29 July 2019Economics

Both the US Federal Reserve (Fed) and European Central Bank (ECB) appear poised to ease monetary policy. Though the ECB left rates unchanged at its 25 July meeting, it left the door open to further policy measures with Citi analysts expecting a 10bp rate cut to bring the deposit rate to -0.5% and a resumption of QE come September.

Citi analysts expect the Fed to cut rates by 25bps on 31 July, followed by another 25bps cut in September. Monetary easing at the current junction, when growth and inflation disappointments have only been modest, should marginally boost asset values and brighten the global economic outlook. However it also reduces policy flexibility to deal with future crisis.

The Fed's 1998 rate cuts may be the closest comparison to its current signaling of relatively easier monetary policy as "insurance" against possibility of adverse events. Short-term interest rates were cut 75ps following a brief inversion in the US yield curve and weakness in emerging economies, staving off a US recession until early 2001.

Nonetheless, it should be noted that while central banks can diminish risks and mildly stimulate growth, they cannot offset external economic shocks. Trade policy risks are likely to resurface in 2H as Trump turns his focus on Europe and Japan's auto industry.

Leading indicators of global EPS growth suggest impending downward estimate revisions for late 2019 and 2020. It is unlikely that central banks will be able to engineer a quick and full recovery to justify current consensus estimates of 11% EPS growth for 2020.

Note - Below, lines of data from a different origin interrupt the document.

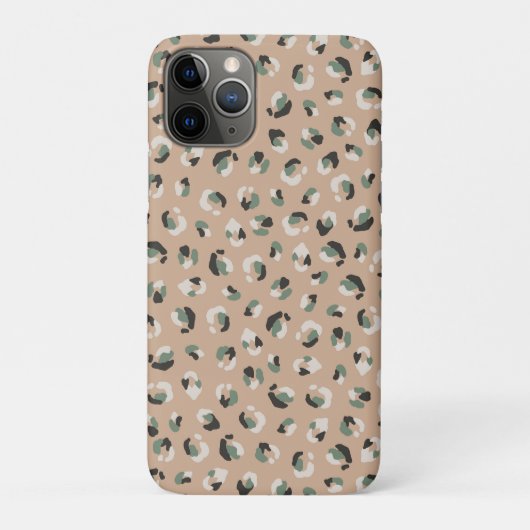 Leopard Tier Beige Modern Case-Mate iPhone Hülle (Rückseite)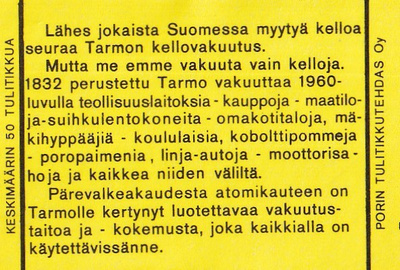 Tarmo, vakuutusyhtiö b502
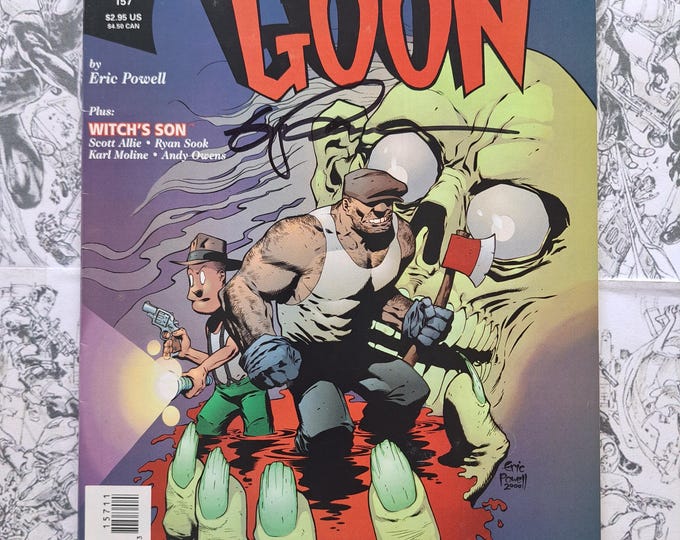 Dark Horse Presents #157 Last Issue Signed by Eric Powell The Goon 2000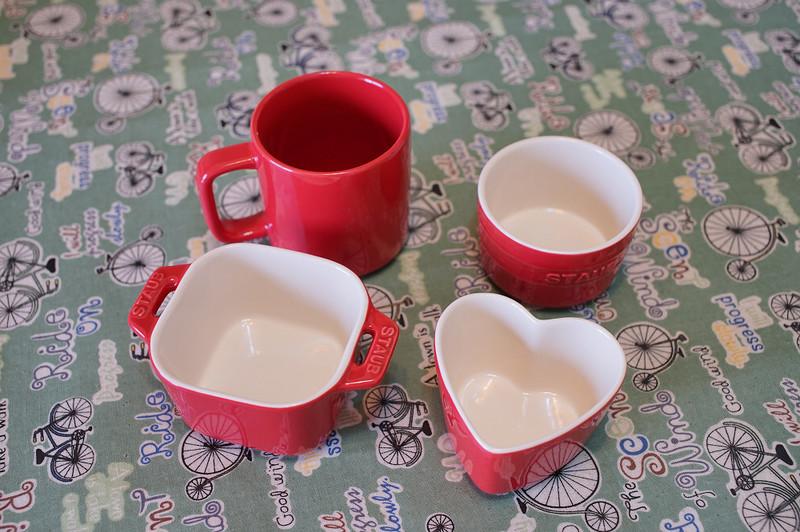 法國Staub琺琅陶瓷組合陶瓷4件套--多功能小碗杯子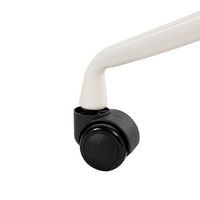 Sedia da ufficio con seduta in tessuto bianco sporco girevole, per scrivania regolabile in altezza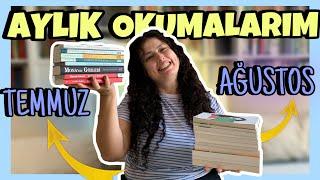 TEMMUZ Ayı Okuduklarım // AĞUSTOS Ayı Okuyacaklarım // Bayıldım 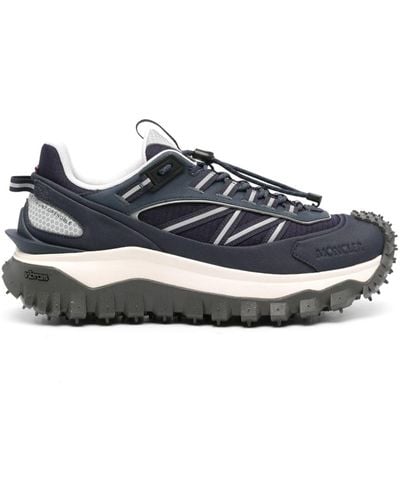 Moncler Trailgrip Panelled Trainers - Blue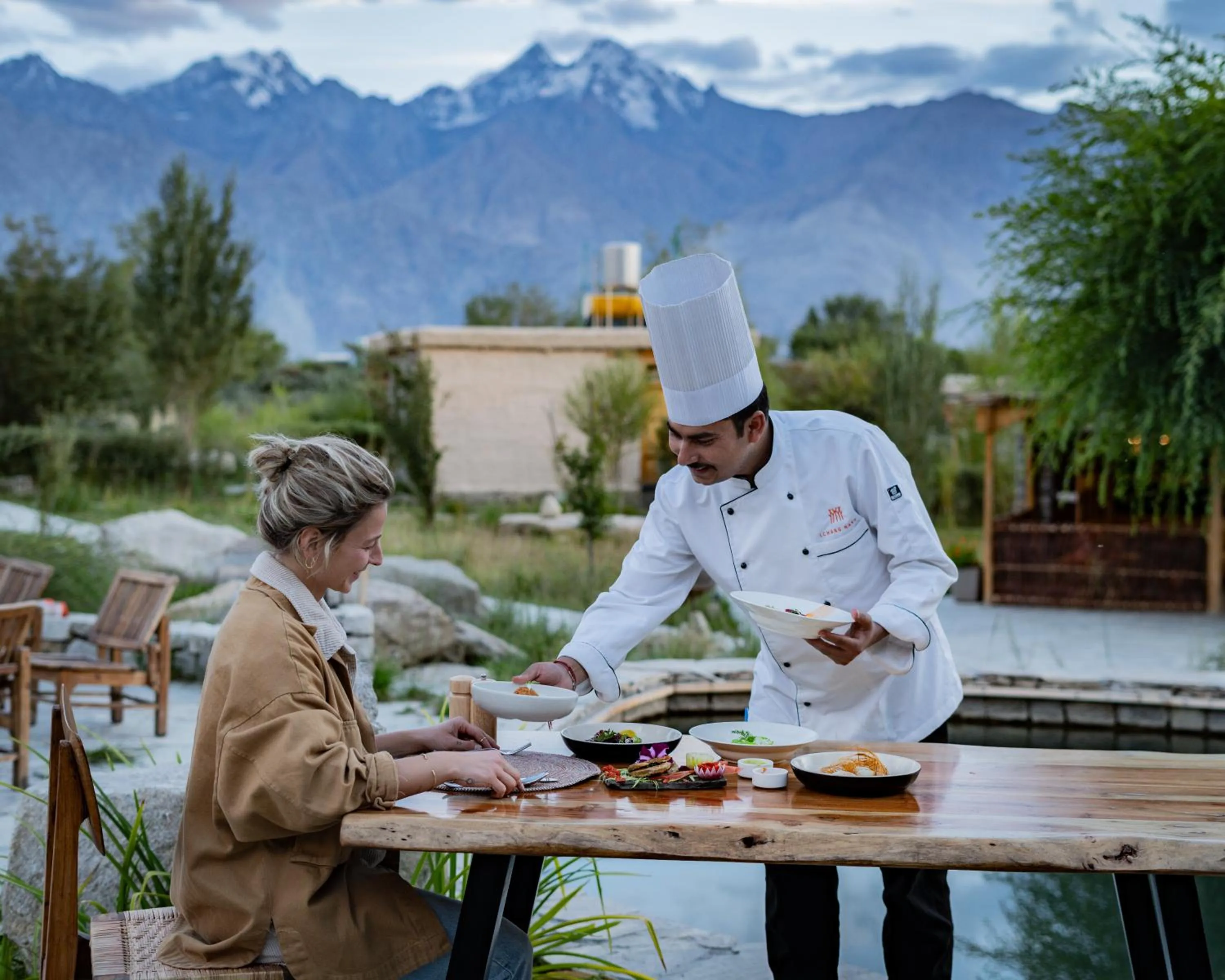 Restaurant/places to eat in Lchang Nang Retreat-THE HOUSE OF TREES-Nubra Valley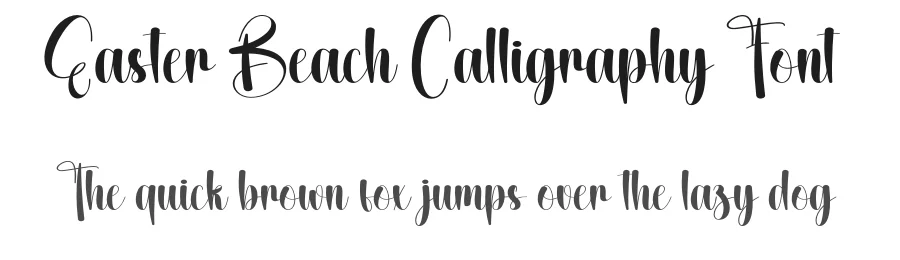 Easter Beach Calligraphy Font by creativeletter — Script Handwritten Font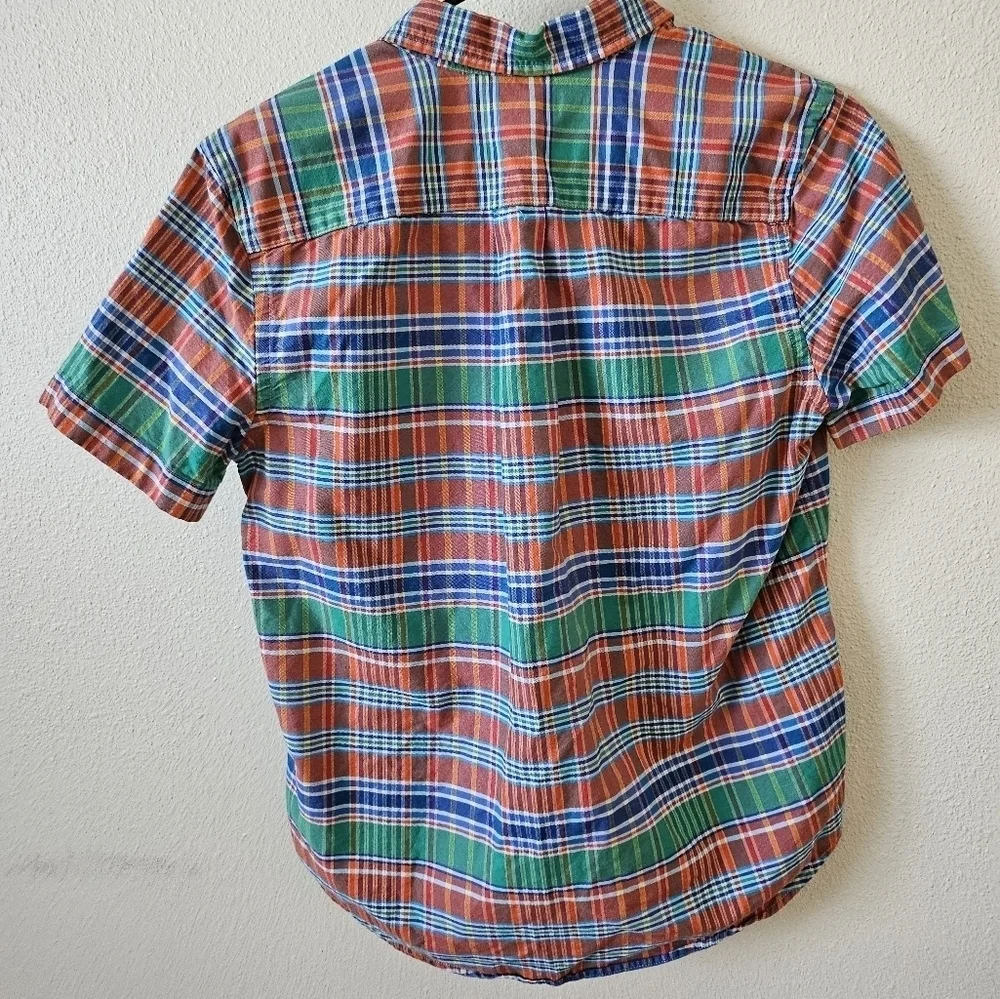 Ralpg Layren Colorful Plaid Youth Shirt Size Large..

Central Banks: Back to Easing, Yet Again

Past performance is no guarantee of future results, real results may vary. Forecasts are expressions of opinion, are not a guarantee of future results and are subject to change.

With this, GIC retains its slightly cautious asset allocation – underweight global equities, and slight overweight fixed income and cash. A balance of higher quality income-generating equities and bonds, and reduced exposure to highly cyclical assets is preferred.

Potential kneejerk reactions: Should central bank policies fall short of expectations, markets may see a kneejerk reaction. The UK political situation also adds a further dimension of risk, with the IMF warning that a “no deal” Brexit may pose a severe threat to the world economy.